1 Introduction to Oracle Data Masking and Subsetting

The Data Masking and Subsetting features of the Enterprise Manager for Oracle Database Plug-in help you to securely manage test data.

When performing real-world testing, there is a risk of exposing sensitive data to non-production users in a test environment. The test data management features of Oracle Database helps to minimize this risk by enabling you to perform data masking and data subsetting on the test data.

When production data is copied into a testing environment, there is the risk of breaching sensitive information to non-production users, such as application developers or external consultants. In order to perform real-world testing, these non-production users need to access some of the original data, but not all the data, especially when the information is deemed confidential.

Oracle Database offers test data management features that help reduce this risk by enabling you to:

  • Store the list of applications, tables, and relationships between table columns using Application Data Modeling, and sensitive columns. For more information, see Application Data Modeling.

  • Replace sensitive data from your production system with fictitious data that can be used during testing using data masking. For more information, see Data Masking.
  • Replicate information that pertains only to a particular site using data subsetting. For more information, see Data Subsetting.

Note:

You must have the Oracle Data Masking and Subsetting Pack license to use these security features.

The Need to Mask and Subset Data

The reasons to mask and subset data include the following:

  • Limit sensitive data proliferation: The growing security threats have increased the need to limit exposure of sensitive information. At the same time, copying production data for non-production purposes such as test and development is proliferating sensitive data, expanding the security and compliance boundary, and increasing the likelihood of data breaches.

  • Share what is necessary: Often, companies have to share a production data set with internal and external parties for various reasons. For example, a Cloud application provider may have to extract and share information specific to their individual subscribers on demand. Another example is a company serving a court order must extract and share a subset of production data with the court. In several cases, it is efficient to extract and share a portion or subset of information instead of sharing the entire production dataset.

  • Comply with data privacy laws and standards: Data privacy standards such as PCI-DSS and European Union (EU) General Data Protection Regulation (GDPR) emphasize on protecting sensitive information in non-production environments because these environments are typically not as protected or monitored as production systems.
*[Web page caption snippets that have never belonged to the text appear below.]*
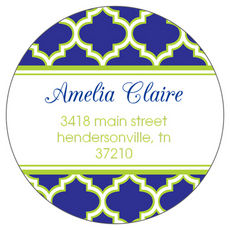 Navy and Lime Greek Pattern Round Address Labels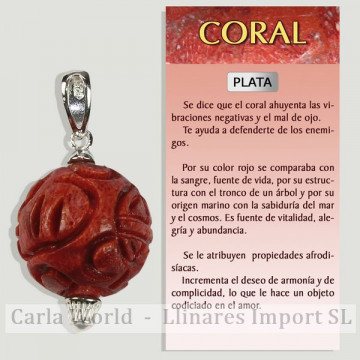 APPLE CORAL. Silver carved...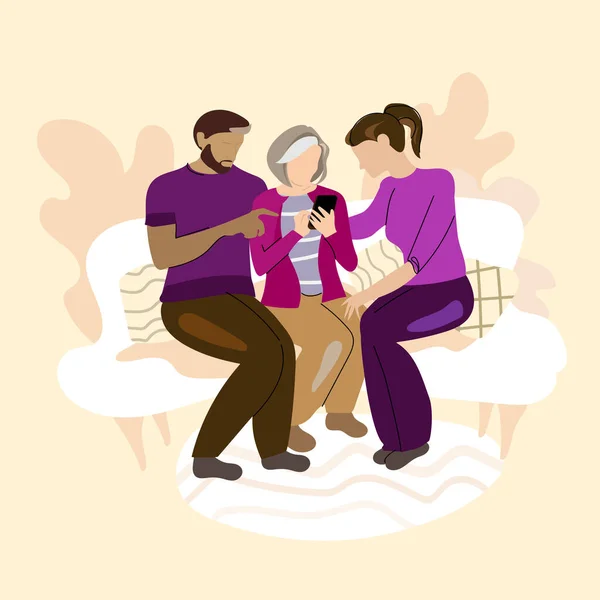 Fille et fils adultes aident une mère âgée à utiliser un smartphone.Femme âgée avec un téléphone portable à la main.Vecteur — Image vectorielle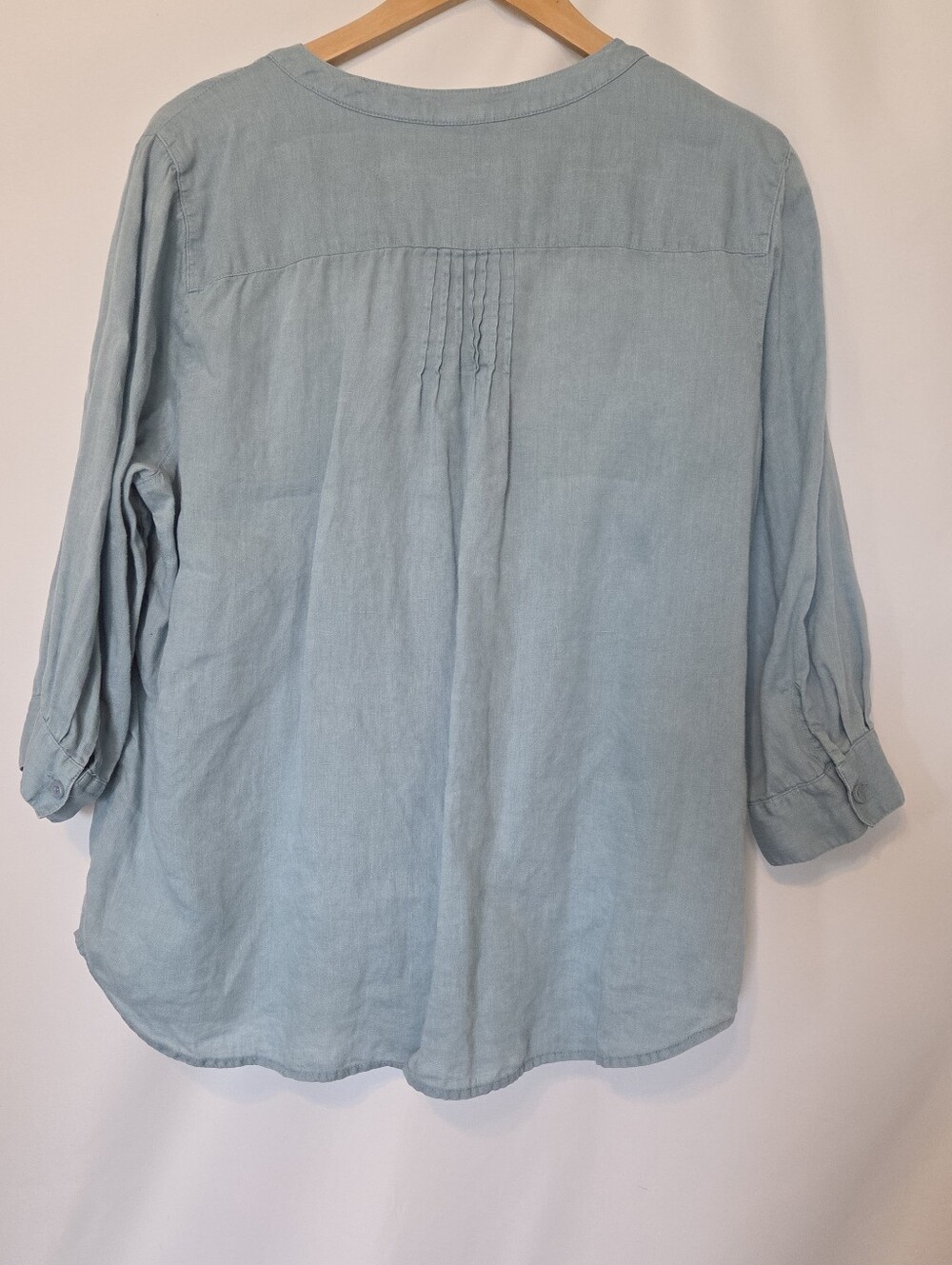 Linen Button Down Pintuck Blouse - Picture 7 of 13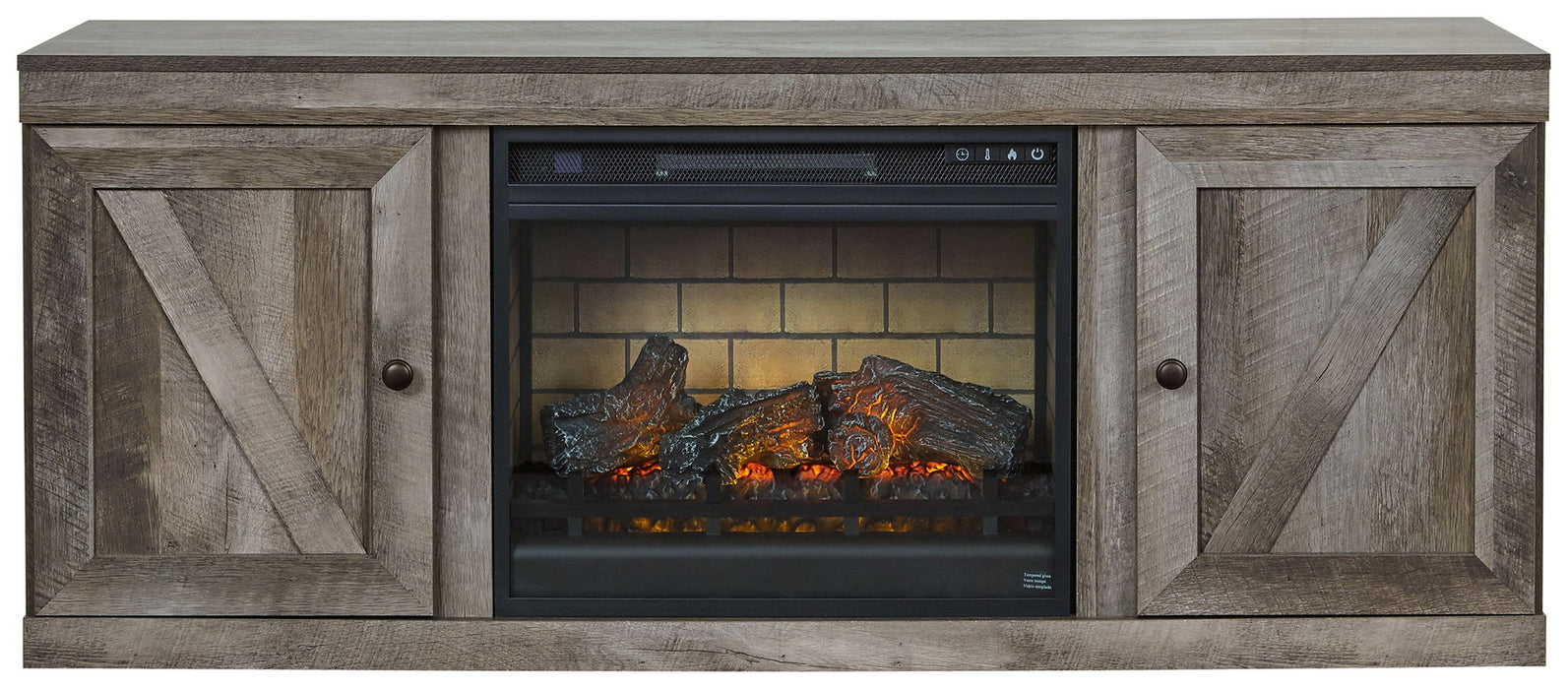 Wynnlow - TV Stand With Faux Firebrick Fireplace Insert - Gray – Fireplace TV Stands by Signature Design by Ashley® at Furniture Wholesale Plus , Nashville furniture store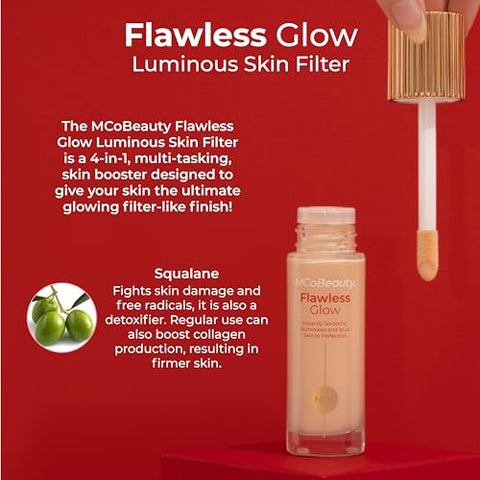 Flawless Glow Filtro de Pele Luminosa, 4 Médio, Brilho Saudável com Radiância Natural, Vegano, Cosméticos Livres de Crueldade - MCoBeauty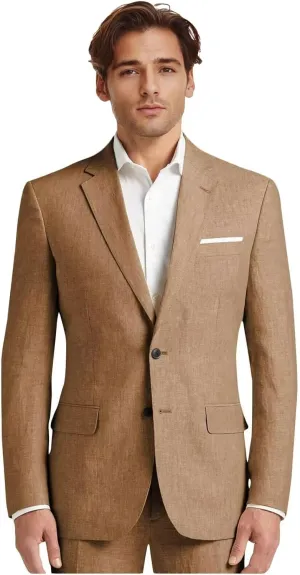 Netsky Mens' Linen Suit 2 Piece Slim Fit Casual Groomsmen Suits Linen Tuxedo Suits Summer Beach Wedding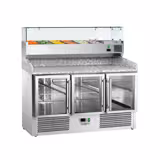 Commercial Pizza Prep Counter - Granite Top ECO - 1400x700mm - with 3 glass doors - incl. refrigerated topping unit with glass sneeze guard - 6x GN 1/4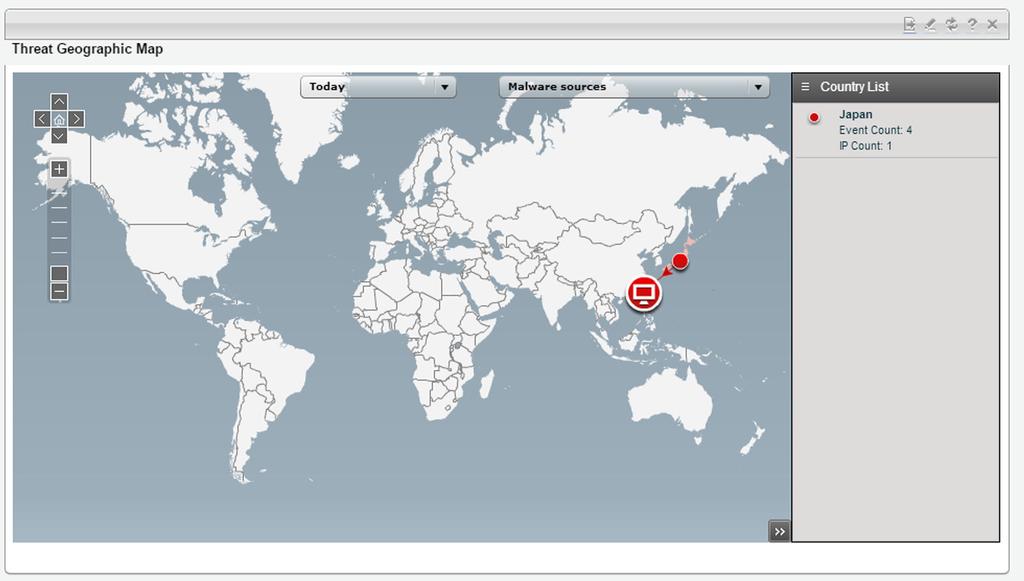 Trend Micro Deep Discovery Inspector User's Guide FIGURE 3-12. Threat Geographic Map Detection Pop-up 4. Click any threat in the pop-up window.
EU GDPR also mandates an individual’s right to be forgotten, erasure, portability or rectification which requires identifying and processing a subset of information.

  • Minimize storage costs: Using the entire production data for test, development, and QA purposes will incur additional storage costs and prolong the test and development cycles, increasing the overall storage and operational cost.

Masking and subsetting data addresses the above use cases. Data Masking is the process of replacing sensitive data with fictitious yet realistic looking data. Data Subsetting is the process of downsizing either by discarding or extracting data. Masking limits sensitive data proliferation by anonymizing sensitive production data. Subsetting helps to minimize storage costs by deleting data or extracting a subset of data for sharing or archival. Data Masking is also known as Static Data Masking, and Data Subsetting is also known as Test Data Management.

Components

This section discusses the components of Oracle Data Masking and Subsetting:

Application Data Modeling

Application Data Modeling (ADM) simplifies the effort of sensitive data discovery through automated discovery procedures and sensitive column types from Oracle database tables. The automated discovery procedures not only discover columns holding sensitive information, but also identify the referential or parent-child relationships between these columns defined in the database.

A sensitive column type creates forensics of sensitive data elements such as national insurance numbers using combination of data patterns in column names, column data, and column comments. Automated discovery procedures leverage sensitive column types to sample data in the database table columns while scanning the database for sensitive information.

Application Data Modeling provides various out-of-the-box sensitive columns types such as credit card numbers, social security numbers, phone number, etc. Custom–sensitive column types can be easily created using regular expressions. With Oracle Data Masking Pack, and the Data Discovery and Modeling capability in Oracle Enterprise Manager, enterprises can define data pattern search criteria allowing database administrators to locate these sensitive elements. For example, data pattern such as 15 or 16 digits for credit card numbers or 9 digit formatted US social security numbers.

Oracle Data Masking and Subsetting also allows you to import and export Application Data Models.

For more information, see the Application Data Modeling chapter.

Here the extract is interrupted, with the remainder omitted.